Para mantener esto, el Gobierno tiene que ser “una auténtica religión. Tiene sus dogmas, sus misterios, sus sacerdotes. Someterlo a la discusión de cada individuo es destruirlo. Le da vida únicamente la razón de la nación, es decir, una fe política, de la que él es un símbolo. La primera necesidad del hombre es que su creciente razón sea puesta bajo el doble yugo [de la Iglesia y el Estado]. Debe ser aniquilado, debe perderse a sí mismo en la razón de la nación, de modo que su existencia individual se transforme y dé paso a otro ser comunal, como hace un río que, desembocando en el mar, persiste realmente en medio de las aguas, pero sin nombre ni identidad personal”.
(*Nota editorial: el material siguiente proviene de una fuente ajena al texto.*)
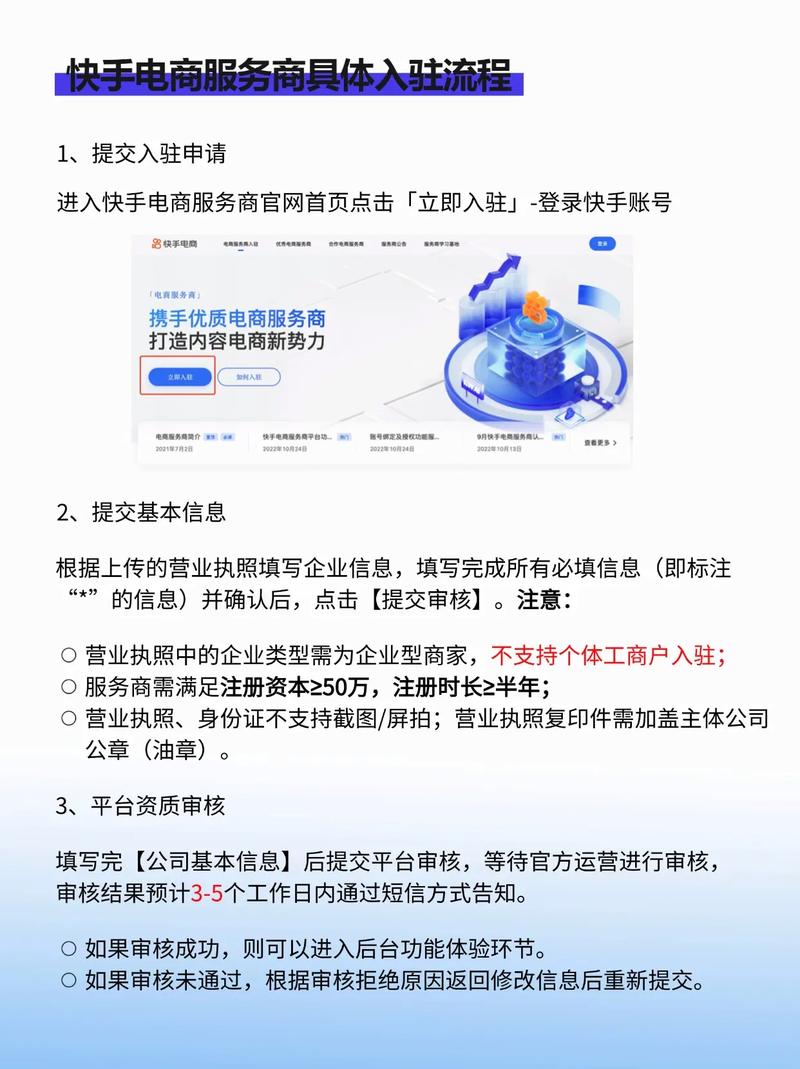 如何高效运营快手播放平台的 KS 业务？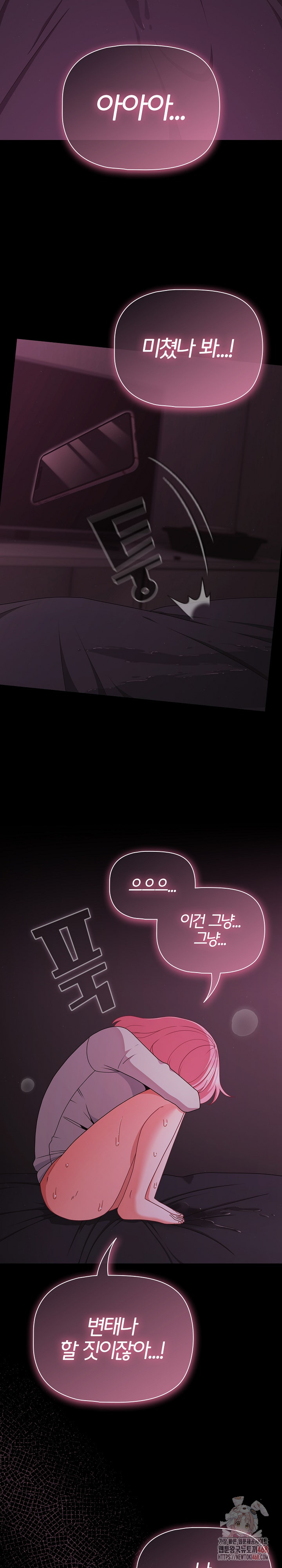 18+ People of The Dark Raw Chapter 28 page 8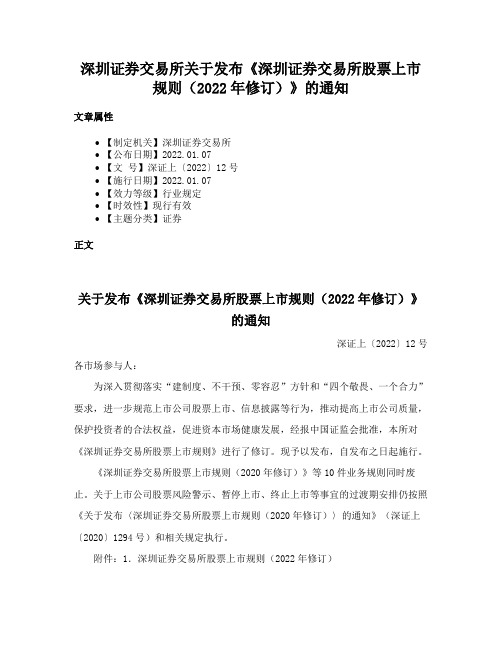 深圳证券交易所关于发布《深圳证券交易所股票上市规则（2022年修订）》的通知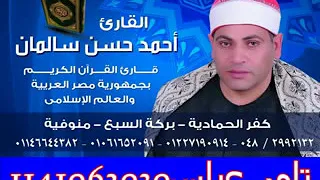الشيخ احمد سالمان سورة يوسف عزاء عائلات النجارغيط شبرا الباجور منوفيه13 12 2014 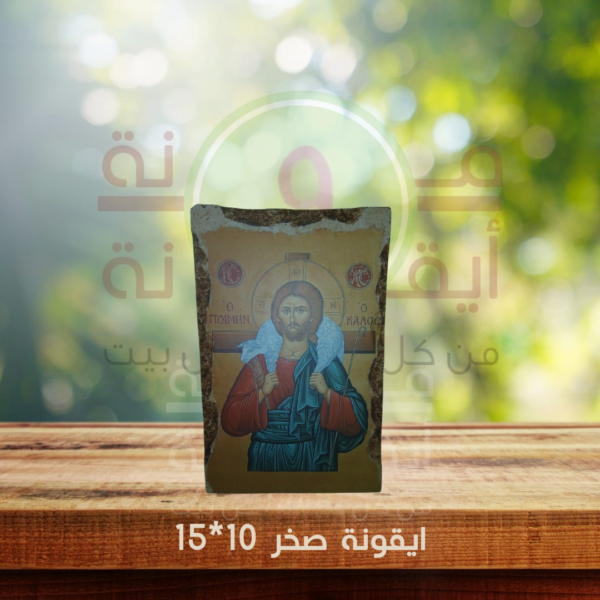 ايقونة صخر 10*15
Tomar en serio al adversario
Isaiah Berlin, uno de los filósofos más extraños e importantes del siglo XX, dedicó la mayor parte de su vida a una tarea inusitada: leer, estudiar y tomarse en serio a sus adversarios. Él se sentía un hijo de la Ilustración, un liberal, un hombre moderado, pero escribió con mucha profundidad, sobre todo, acerca de los nihilistas, los reaccionarios, los antiilustrados, los pensadores oscuros que muchas veces nos parecen irrelevantes por su excentricidad, pero que influyen mucho más de lo que creemos. Gracias a su trabajo, sabemos que los predecesores del nazismo, el fascismo y el comunismo no eran unos locos, sino gente de ideas que articuló de una manera oscura y atractiva, oracular y profética, su rechazo a la modernidad, la democracia y el liberalismo. Hoy quizá no tengamos reaccionarios de esa magnitud, pero conocer a sus predecesores, como De Maistre, nos ayuda a entender a los pequeños antidemócratas que siguen acompañándonos.
“La visión maistreana puede resultar detestable para aquellos que valoran verdaderamente la libertad humana, puesto que dicha visión se basa en el dogmático rechazo de la luz bajo la que la mayoría de los hombres aún vive o desea vivir”. Pero De Maistre advirtió algunas verdades que muchas veces no somos capaces de ver, o no queremos reconocer. “La sociedad totalitaria que él vislumbró mediante el análisis histórico se hizo real —escribió Berlin en la versión original del libro, en los años cuarenta, cuando esa sociedad totalitaria estaba cerca y era muy real— y, a un coste incalculable en sufrimiento humano, reivindicó la profundidad y el genio de este extraordinario y aterrador profeta de nuestro tiempo”.
Léanlo para entender no solo lo que ya nos ha pasado, sino lo que nos podría volver a pasar.
Muchos lo consideraban un mero nostálgico. Un hombre extravagante y virulento, cuyo deseo de que el mundo diera marcha atrás era simplemente imposible. No iba a regresar, como él quería, una Edad Media con monarquías fuertes, sometidas a la autoridad papal. Era absurdo pensar que se pudiera volver a una Europa en la que la ciencia no existía y los seres humanos se limitaban a bajar la cabeza ante los misterios de la naturaleza. Todos pensaban que su idea de que los verdugos eran quienes mantenían unida la sociedad era un disparate. Pero incluso sus enemigos reconocían que defendía esas cosas disparatadas con una prosa excelsa.